Valgrind
The program valgrind is a tool to detect memory leaks and violations in a program. It tracks the allocated memory and checks if it was freed. Additionally it checks if a programm writes outside its allocated memory or threads writes at the same time to the same memory.
Usage
To use valgrind please load the actual release of valgind by
module load valgrind
To use valgrind the code should be compiled with debug symbols (-g option for most of the compilers) so that errors could be backtraced to the source code line. After compiling the program will be started with valgrind typically by
valgrind -v --leack-check=full <program> [program_options] >& valgrind.out
The typical output of valgrind is very long and sometimes not easy to understand. For more informations see the user guide.
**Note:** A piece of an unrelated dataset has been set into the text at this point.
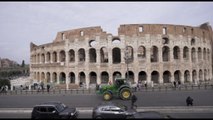 Corteo di quattro trattori per Roma, passano al Colosseo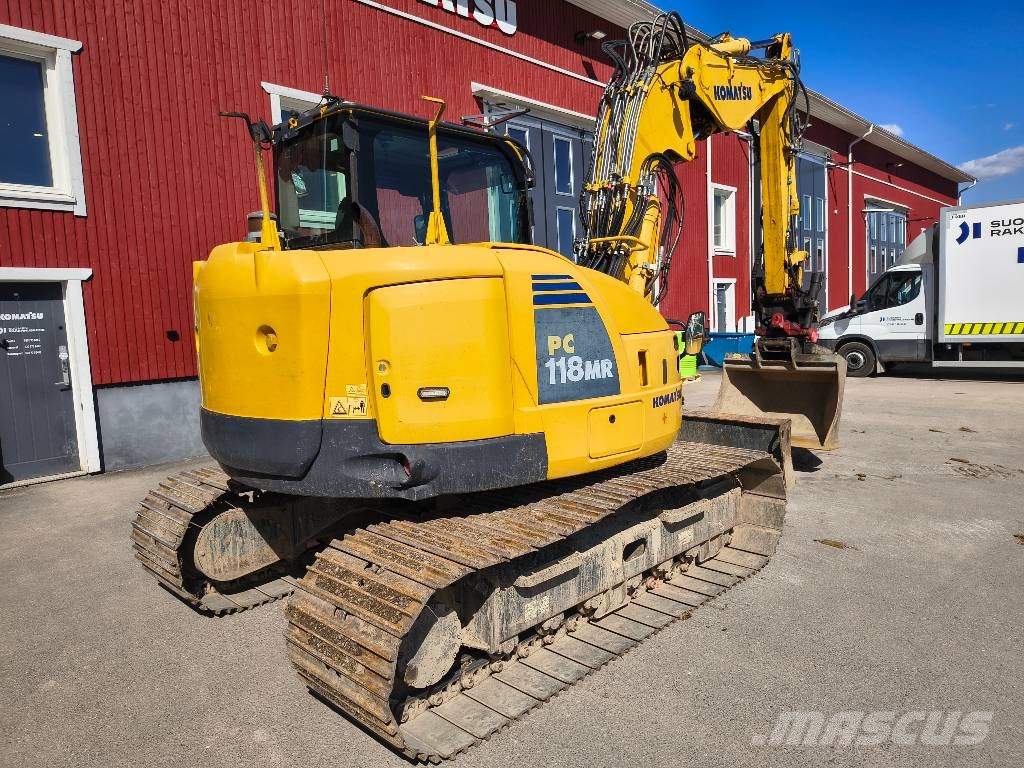 Komatsu PC 118 MR-8 حفارات زحافة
For analyzing parallel MPI programs the mpirun/mpiexec statement including its options must precede the command line above. In this case it could be useful to write the output into a file with a suffix of the rank. This can be done by the command line option --log-file and the substitution %q{}of valgrind. For example valgrind can be started by
mpirun -np <number_of_processes> ... valgrind -v --leak-check=full --log-file="valgrind.out.%q{PMI_RANK}" <mpiprogram> [program_options]
for Intel MPI. Here the statement %q{PMI_RANK} is substituted by the value of environment variable PMI_RANK which is set by Intel MPI. For OpenMPI the variable name PMI_RANK has to be replaced by OMPI_COMM_WORLD_RANK. The output is then redirected into the files valdgrind.out.[0...<number_of_processes>] for each process/rank. If for example the error occurs on rank 123 the related message can be found in the file valdgrind.out.123.
Note:
- By using valgrind the runtime of the tested program increases dramatically so that the tests should be done on small problems.
- Sometimes error messages occurs due to compiler libraries (especially Intel compiler) which are not really an error.
Known issues
- Binaries build with the Intel compilers shows a lot of error messages in some libraries due to uninitialized values (e.g. in command vsprintf). These messages comes from the optimized Intel libraries and can be ignored.